Comparison of Kinematic with Hydrodynamic Models

Striking support for the two-zone model is obtained from a comparison with recent hydrodynamic outflow models. Initial two-dimensional simulations (e.g., [Tomisaka & Ikeuchi 1988]) proposed an evolution of the outflow which included collimation of the flow at early stages by disk material, subsequent breakout of the confined flow along the minor axis, and eventual extension of the hot wind material up to a few kpc from the nucleus.
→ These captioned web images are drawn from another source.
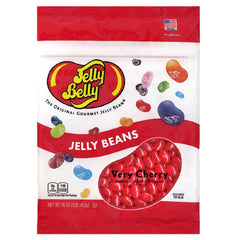 Jelly Belly Very Cherry jelly beans in a close-up bag showing authentic cherry flavor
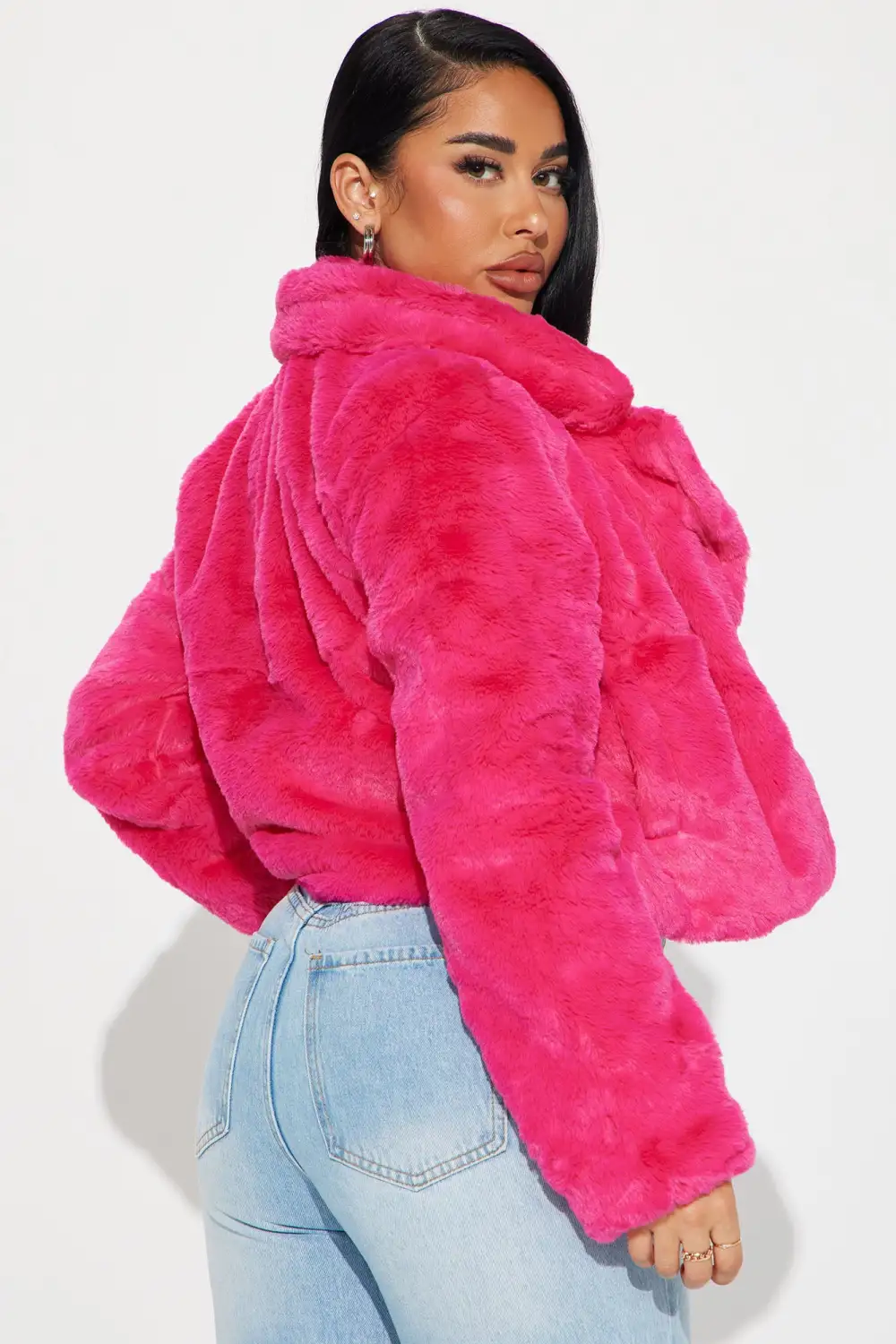 Warm By The Fireside Faux Fur Jacket - Fuchsia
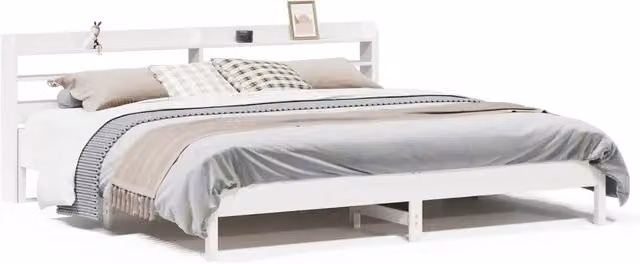 Letto matrimoniale | Letto per adulti | Giroletto senza Materasso Bianco 200x200 cm Legno Massello Pino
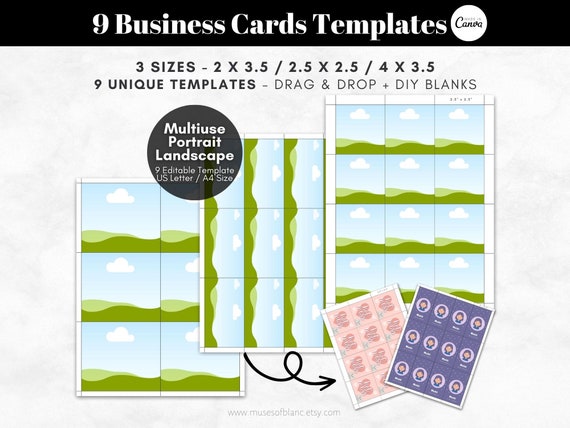 Drag and Drop Business Cards Template, Printable Business Cards, Canva  Templates, 2.5x3 Cards, 2.5x2.5 Square Cards Digital Download 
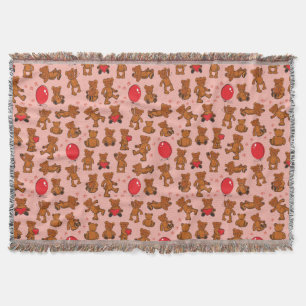 Textur mit Teddybären, Herzen Decke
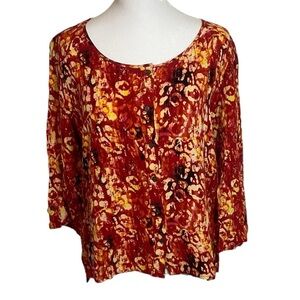 Peter Nygard Size 10 Petite Red and Orange Print Blouse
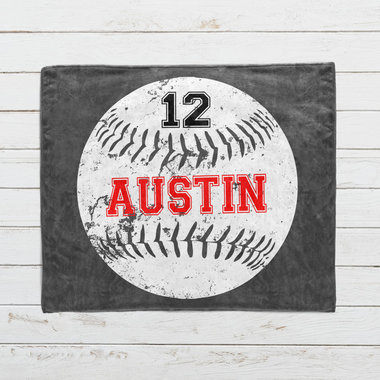 Personalized Distressed Baseball Blanket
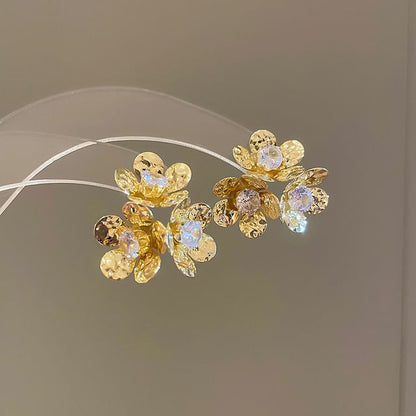 Statement Alloy Floral Earring Rhinestone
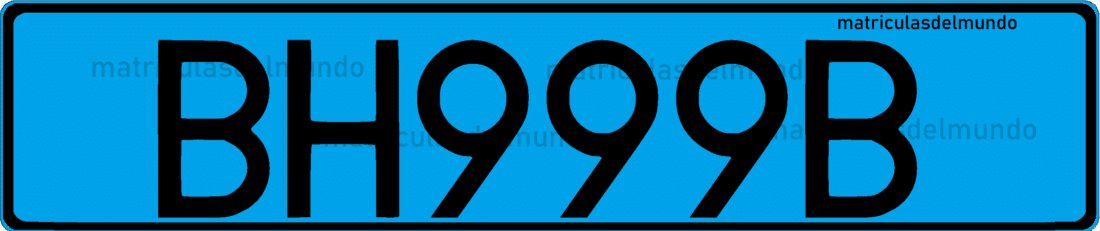 Matrícula de coche diplomático azul de Suecia actual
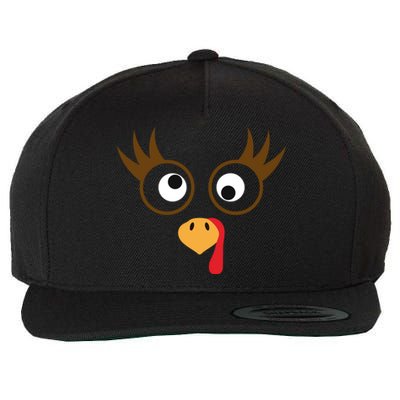 Cute Thanksgiving Turkey Face Turkey Day Great Gift Wool Snapback Cap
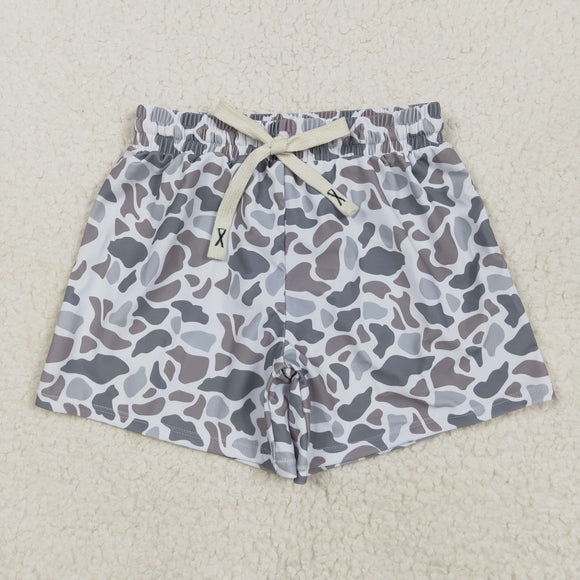 Brown Gray Camo Boys Swimming Trunks
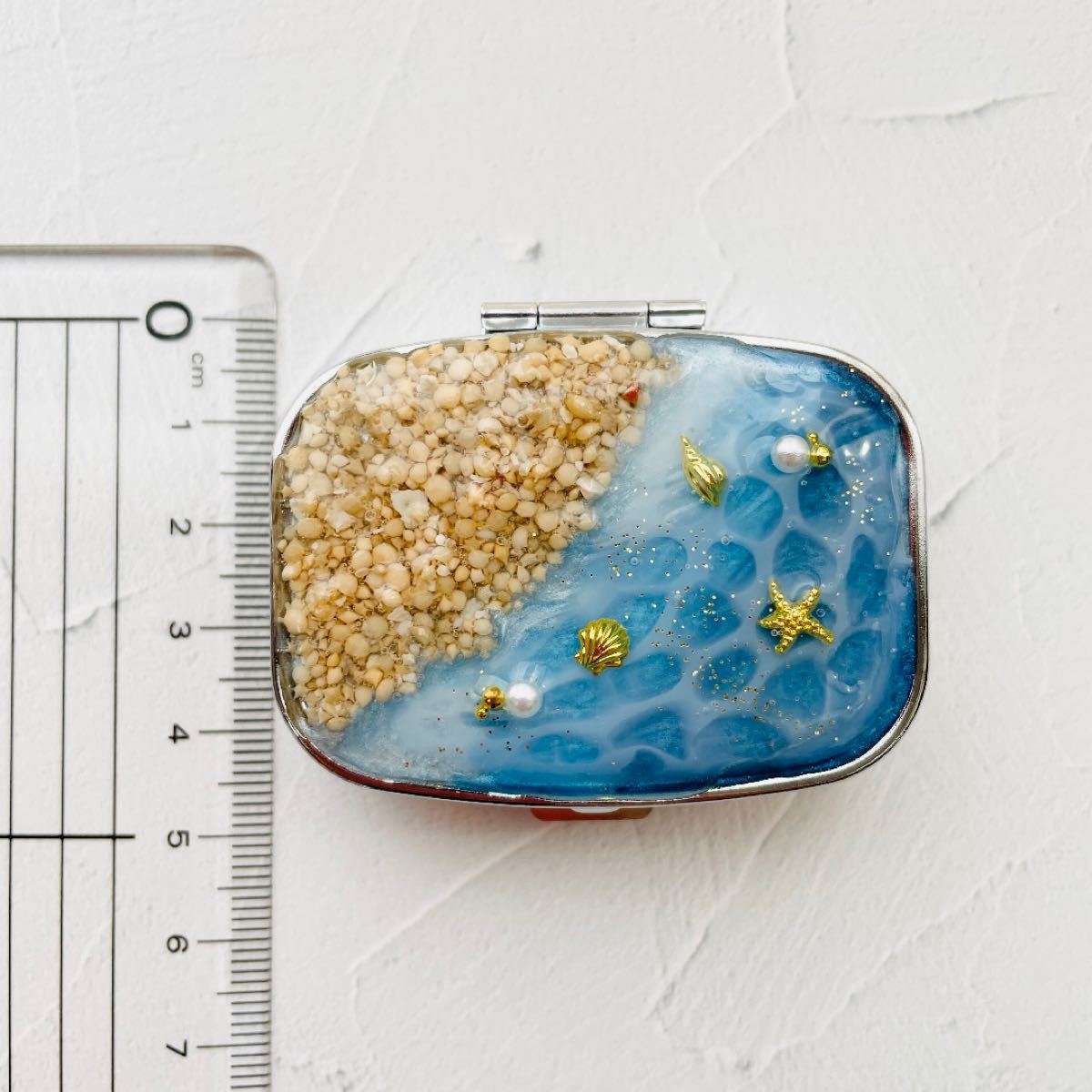 グリーン・ホワイト系 完成品♪ ☆小物入れ ピルケース レジン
More recent simulations ([Tomisaka & Bregman 1993]; [Suchkov et al. 1994]; [Suchkov et al. 1996]) include a separate corotating halo component and are able to reproduce much of the observed morphology through the interactions of the wind with the disk and halo. These simulations show that the outflow entrains disk gas around itself, dragging the cooler, denser material up to a couple of kiloparsecs above the plane of the galaxy (e.g., see Fig. 6 in [Suchkov et al. 1994]). The regions of densest entrained disk material, near the base of the outflow, serve to collimate the outflow beyond the height of the disk itself. The scale height of this collimation in the simulations is similar to that seen in our observations, $\sim$500 pc. The ``fingers'' of disk material entrained to heights above the collimated zone can be identified with the optical emission line filaments we observe on the outer walls of the outflow cone. This entrained gas has also been observed at molecular wavelengths (e.g., [Stark & Carlson 1984]; [Nakai et al. 1987]; [Sofue et al. 1990]). Within the collimated region, the simulations show that both the wind and the confining walls are at their densest, consistent with the observed increased levels of optical emission. Finally, it should be noted that a recent analysis of the minor-axis X-ray distribution implies a partially confined outflow of this gas as well, within 1.6 kpc of the disk ([Bregman, Schulman, & Tomisaka 1995]).